Data block:
##############################

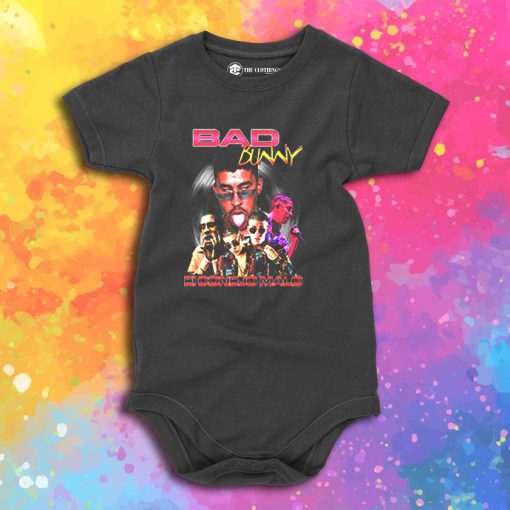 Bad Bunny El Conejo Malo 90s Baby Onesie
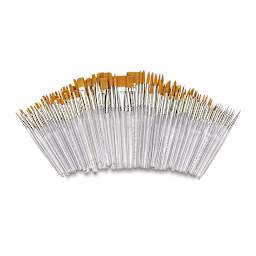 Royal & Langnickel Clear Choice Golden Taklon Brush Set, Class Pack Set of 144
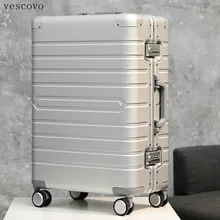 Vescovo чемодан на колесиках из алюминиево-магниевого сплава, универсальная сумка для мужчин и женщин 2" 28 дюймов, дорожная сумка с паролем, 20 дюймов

##############################

Work task: An exact reproduction of the data is required, with pictures excluded.

Exercise response:
 Bad Bunny El Conejo Malo 90s Baby Onesie
 Royal & Langnickel Clear Choice Golden Taklon Brush Set, Class Pack Set of 144
 Vescovo чемодан на колесиках из алюминиево-магниевого сплава, универсальная сумка для мужчин и женщин 2" 28 дюймов, дорожная сумка с паролем, 20 дюймов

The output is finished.